GIVEN ENTRIES -

Segment Open

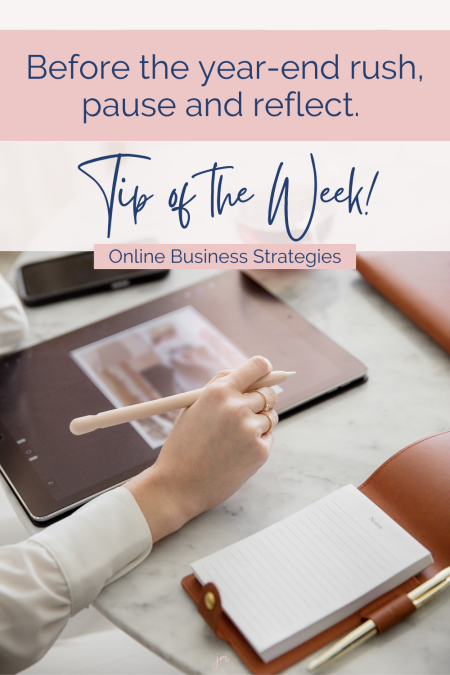 before the year-end rush, pause and reflect, Tip of the week! Written over a photo of a woman working at her desk, close up of her hand 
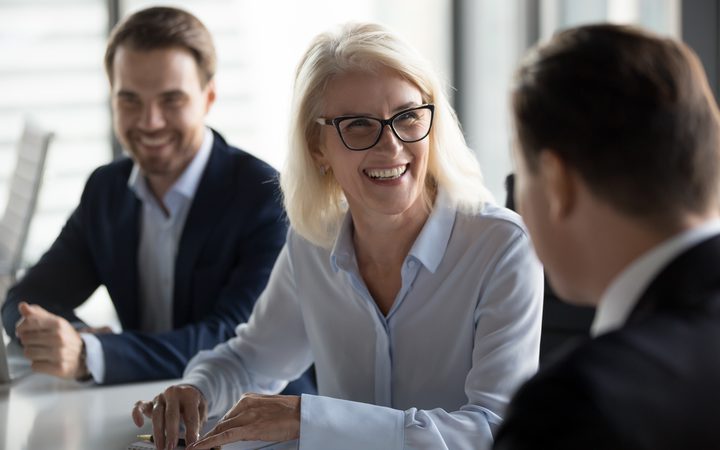 A group of three business professionals engaged in a friendly conversation, with a woman with blonde hair and glasses smiling warmly at a man, in a bright modern office.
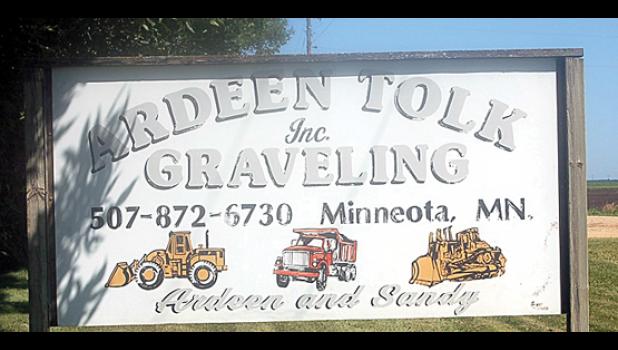 Staff photo by Scott Thoma. Sign outside the Tolk Graveling headquarters.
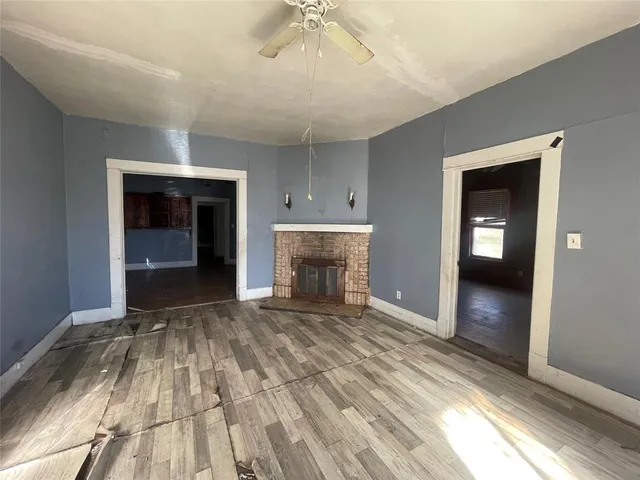 a view of an empty room with a fireplace and a window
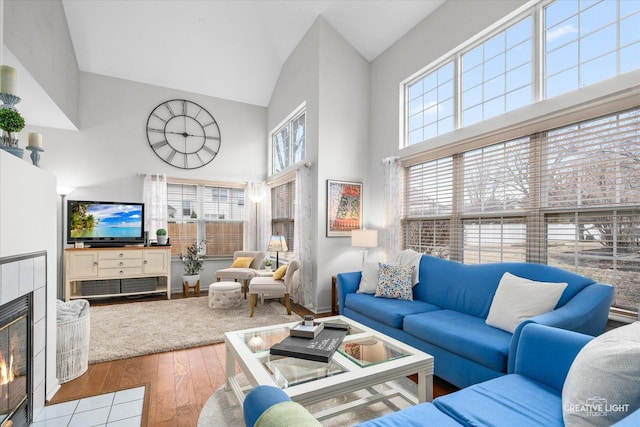 living room with a tiled fireplace, light hardwood / wood-style flooring, and high vaulted ceiling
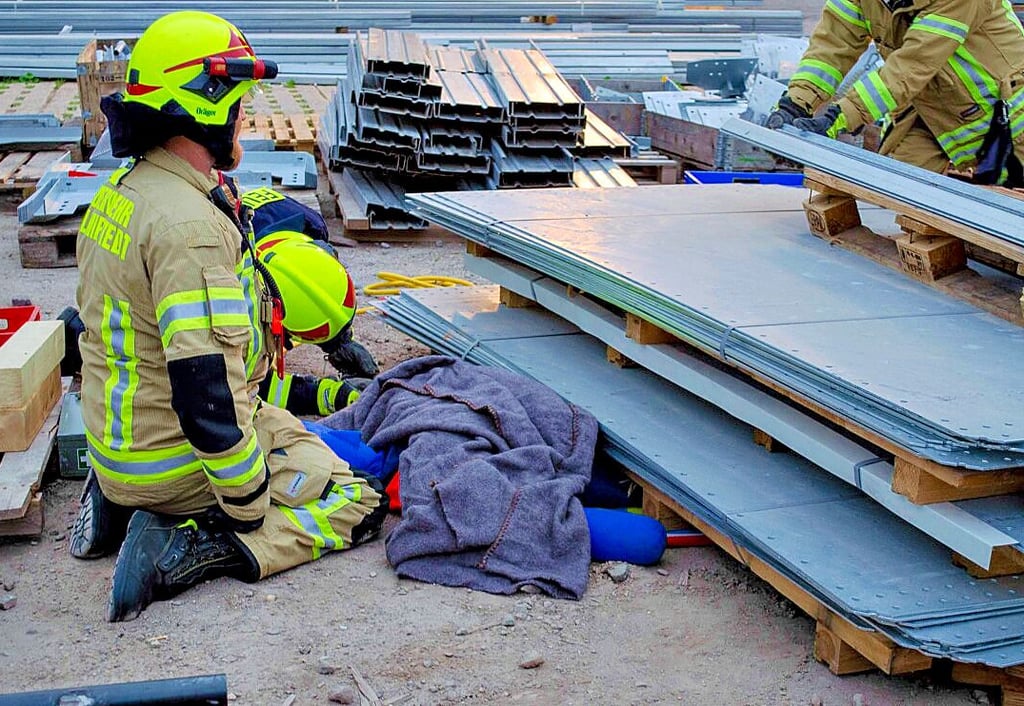 Zwei Feuerwehrmänner betreuen den eingeklemmten Lehrling. Mittels Hebekissen wird er befreit.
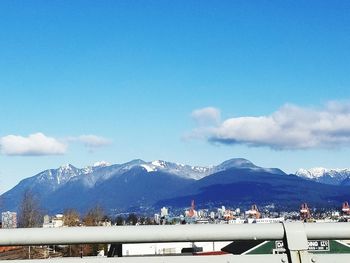 Scenic view of snowcapped mountains against blue sky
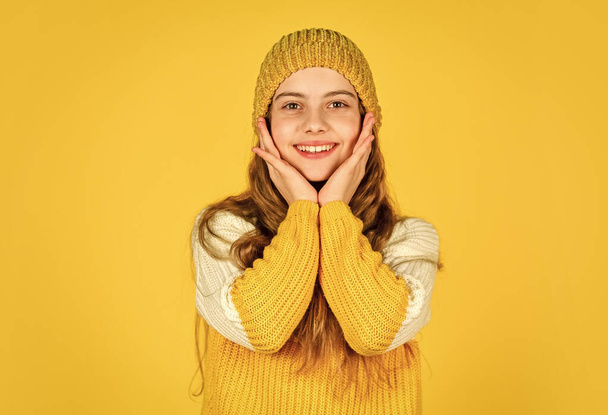 cheerful child wear hat and favorite sweater. childhood happiness. teen girl yellow background. little girl in knitwear. kid beauty and fashion. get warm in winter season. cold weather forecast - Fotografie, Obrázek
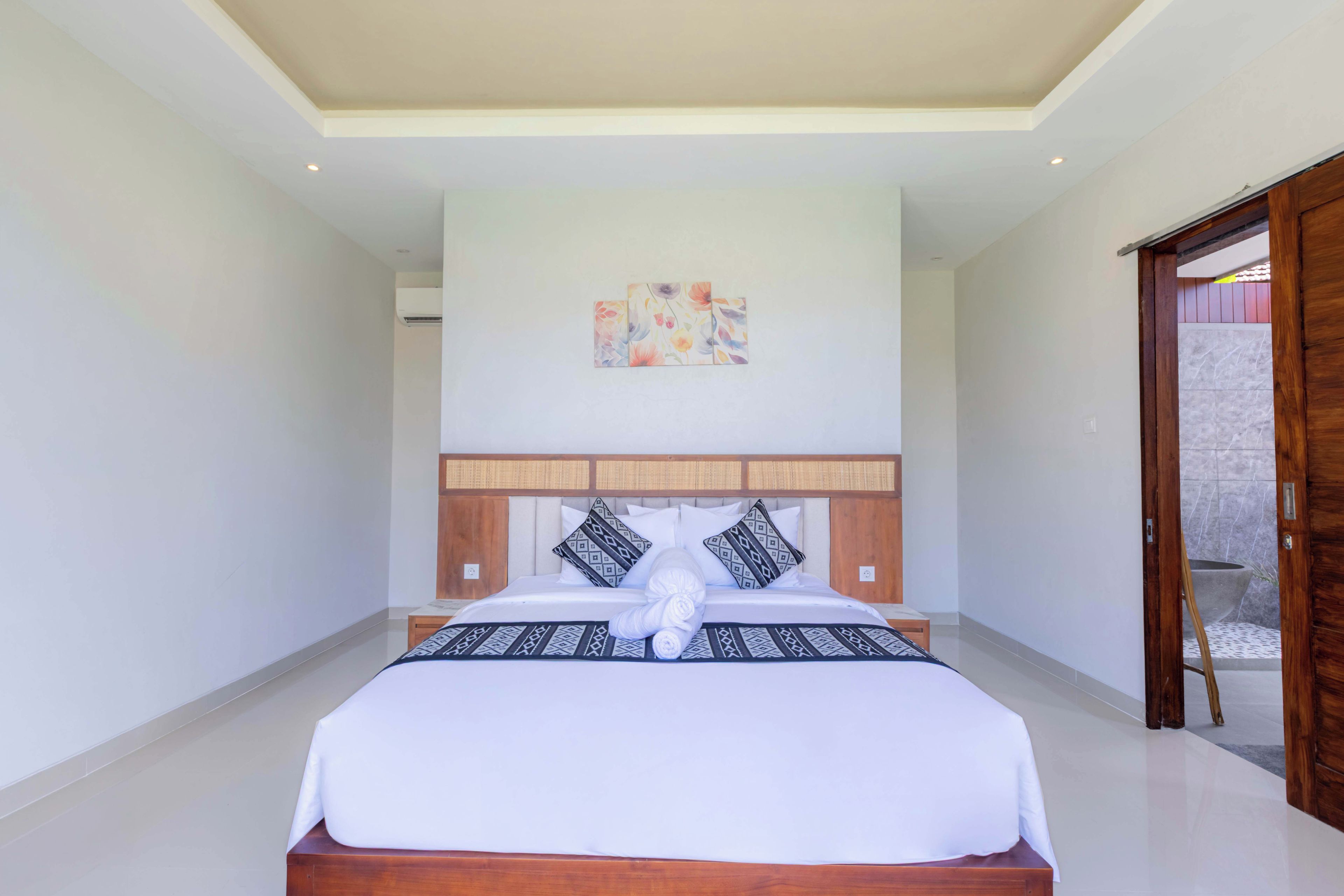 Une chambre spacieuse avec un grand lit, une tête de lit en bois et une petite œuvre d’art accrochée au mur.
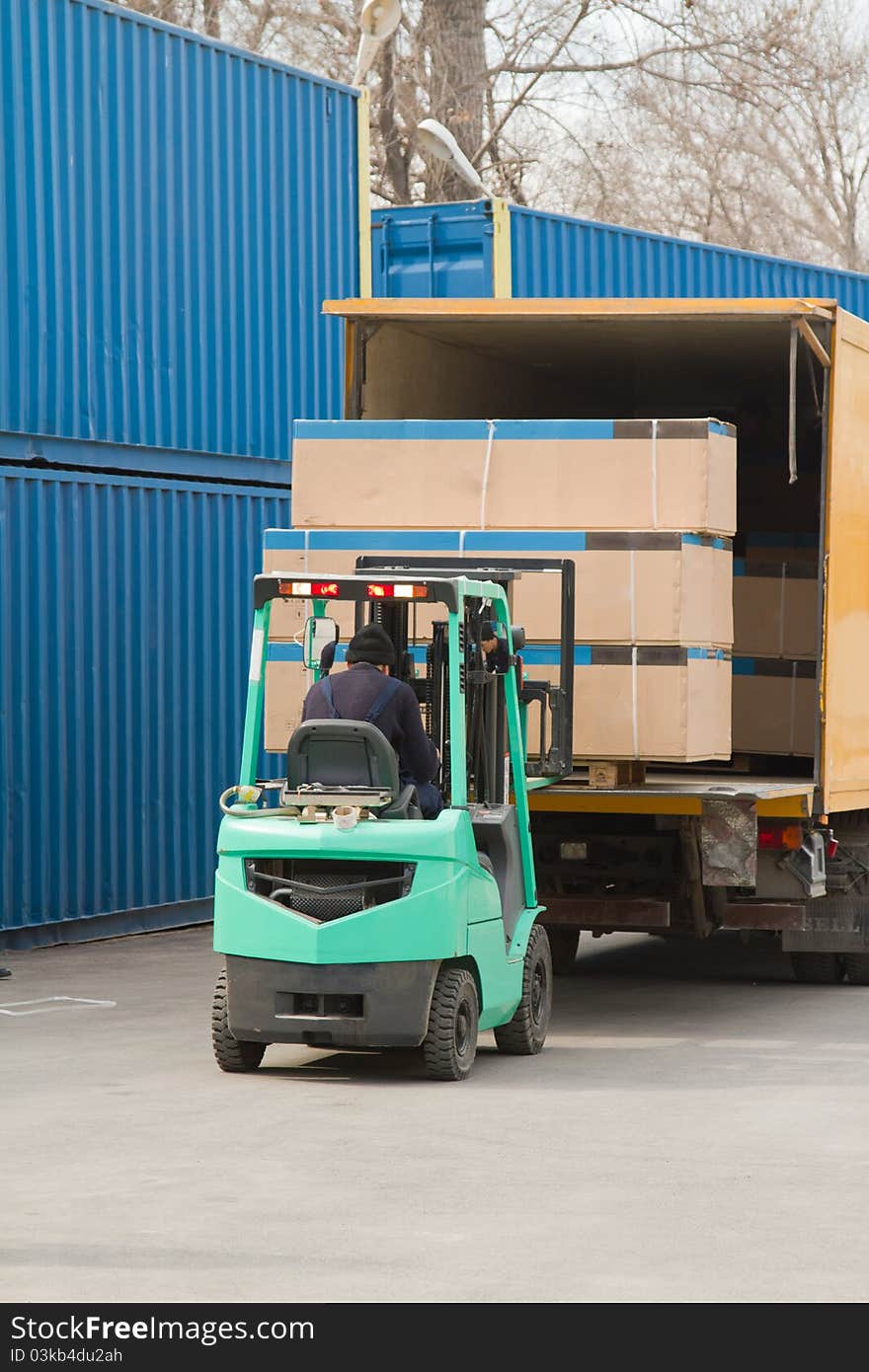 Worker in uniform loading boxes on a machine. Worker in uniform loading boxes on a machine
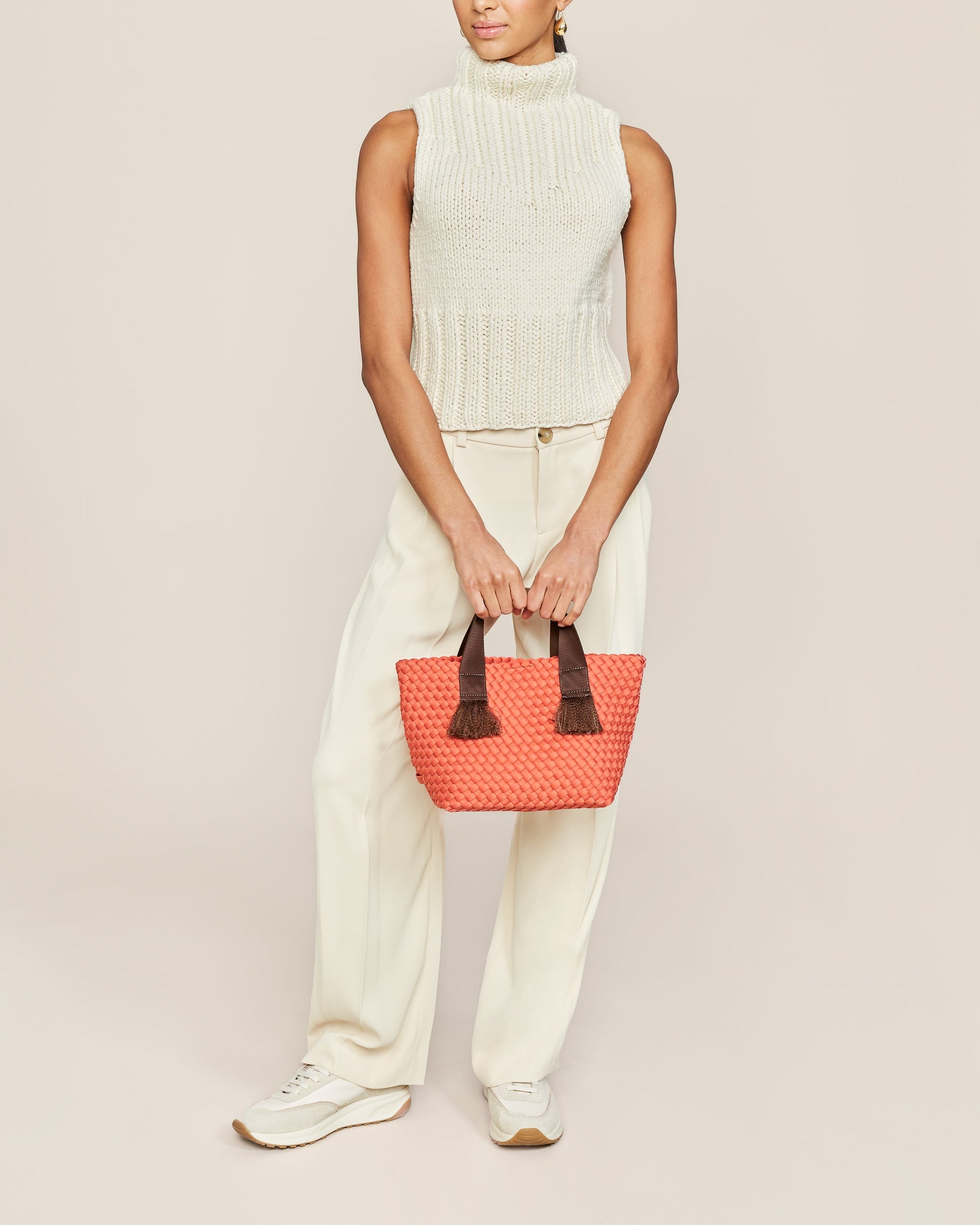 A woven texture crossbody bag with a structured flap and slender strap—evoking coastal charm with tactile appeal and refined artistry-5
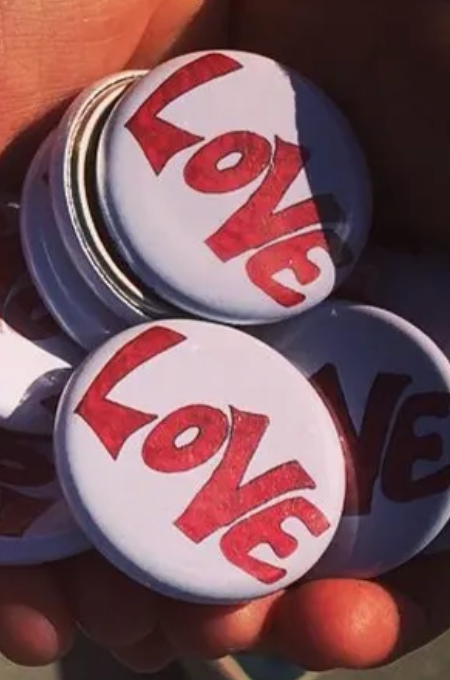 jcomey's tweet photo. @SRuhle my buddy (a big fan of yours) brought your pin to my attention. Is it related to Dave Matthews Band at all? The fanbase created LoVE pins to honor Matt Wadleigh, a fan who brought a LoVE poster to every show he went. 

So, he is curious, as am I. https://t.co/BHuvlWiKh5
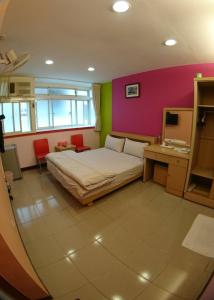 1 dormitorio con 1 cama y una pared rosa y verde en ZaiXiang en Danshui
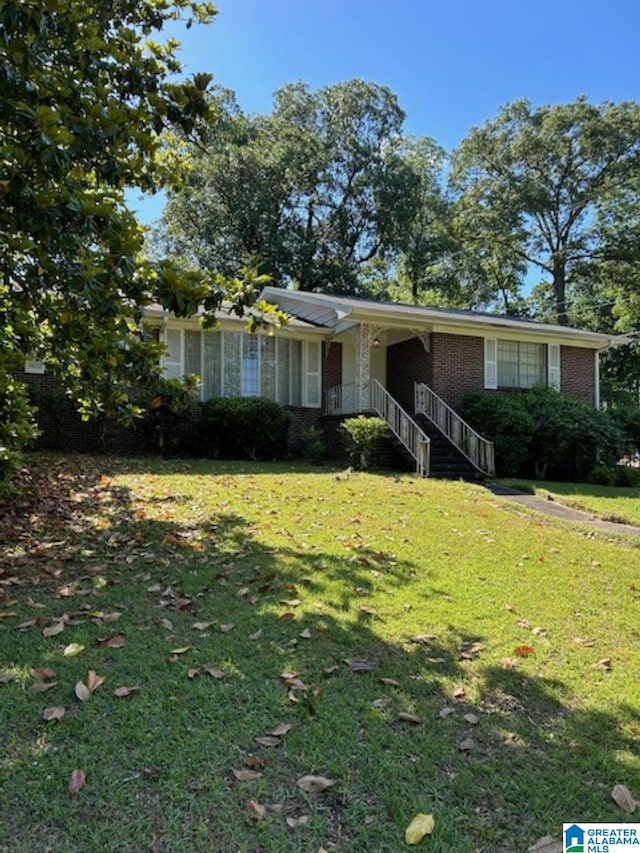 ranch-style home featuring a front yard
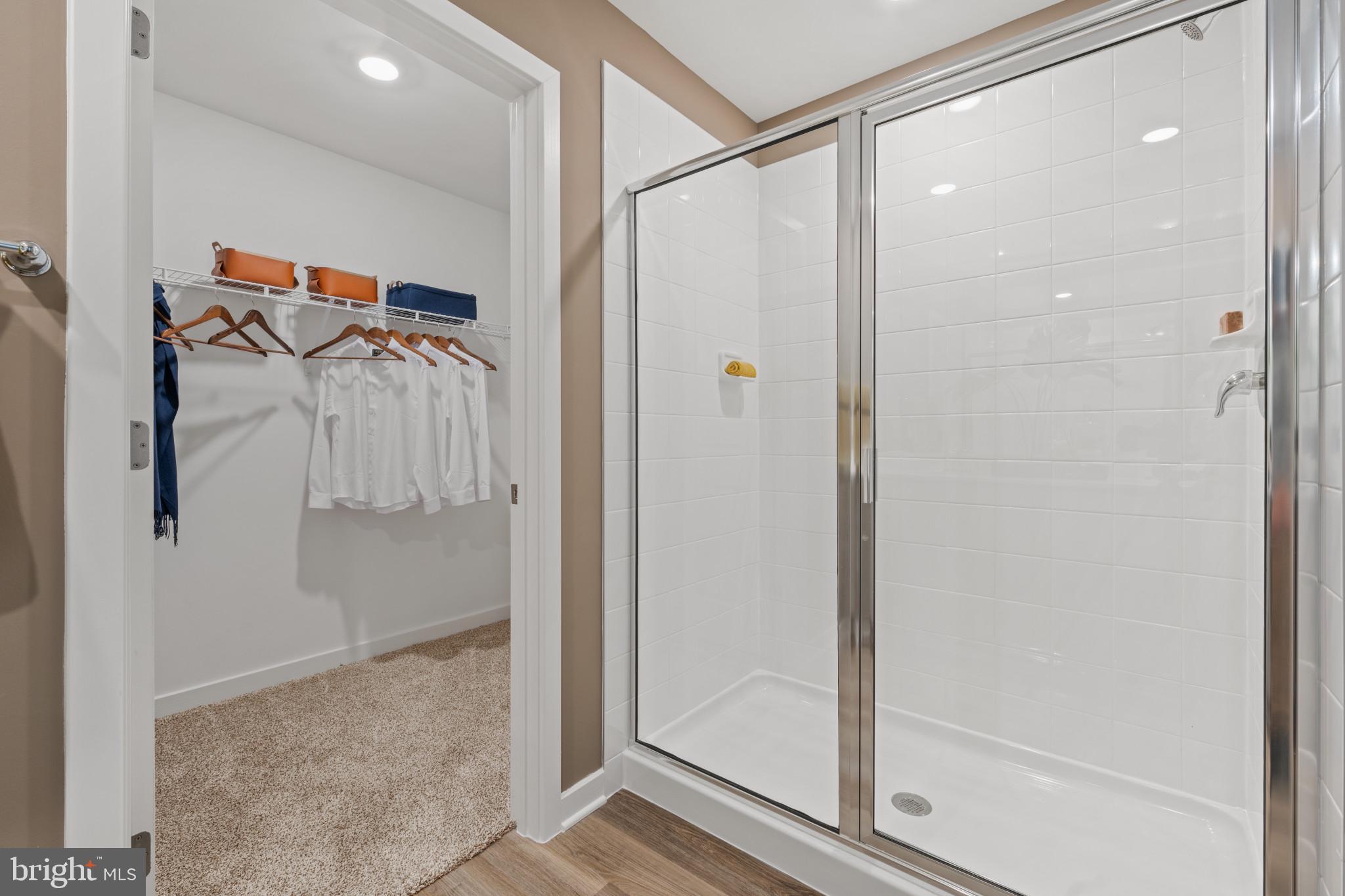 372 Eclipse Street Ranson, WV 25438 - Photo 16 of 34 a bathroom with a glass shower door and a glass door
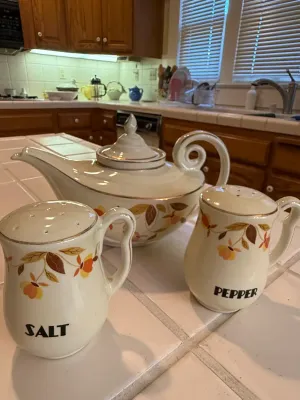 Sale Photo Thumbnail #444: Vintage ceramic teapot and matching salt and pepper shakers featuring a autumn floral motif with gold trim.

Segment Closed

ASSIGNMENT - The records are to be returned word for word, without any of their pictures.

TASK RESULT -
 before the year-end rush, pause and reflect, Tip of the week! Written over a photo of a woman working at her desk, close up of her hand 
 A group of three business professionals engaged in a friendly conversation, with a woman with blonde hair and glasses smiling warmly at a man, in a bright modern office.
 Staff photo by Scott Thoma. Sign outside the Tolk Graveling headquarters.
 a view of an empty room with a fireplace and a window
 living room with a tiled fireplace, light hardwood / wood-style flooring, and high vaulted ceiling
 Zwei Feuerwehrmänner betreuen den eingeklemmten Lehrling. Mittels Hebekissen wird er befreit.
 Scenic view of snowcapped mountains against blue sky
 cheerful child wear hat and favorite sweater. childhood happiness. teen girl yellow background. little girl in knitwear. kid beauty and fashion. get warm in winter season. cold weather forecast - Fotografie, Obrázek
 Une chambre spacieuse avec un grand lit, une tête de lit en bois et une petite œuvre d’art accrochée au mur.
 Worker in uniform loading boxes on a machine. Worker in uniform loading boxes on a machine
 A woven texture crossbody bag with a structured flap and slender strap—evoking coastal charm with tactile appeal and refined artistry-5
 jcomey's tweet photo. @SRuhle my buddy (a big fan of yours) brought your pin to my attention. Is it related to Dave Matthews Band at all? The fanbase created LoVE pins to honor Matt Wadleigh, a fan who brought a LoVE poster to every show he went. 

So, he is curious, as am I. https://t.co/BHuvlWiKh5
 1 dormitorio con 1 cama y una pared rosa y verde en ZaiXiang en Danshui
 ranch-style home featuring a front yard
 372 Eclipse Street Ranson, WV 25438 - Photo 16 of 34 a bathroom with a glass shower door and a glass door
 Sale Photo Thumbnail #444: Vintage ceramic teapot and matching salt and pepper shakers featuring a autumn floral motif with gold trim.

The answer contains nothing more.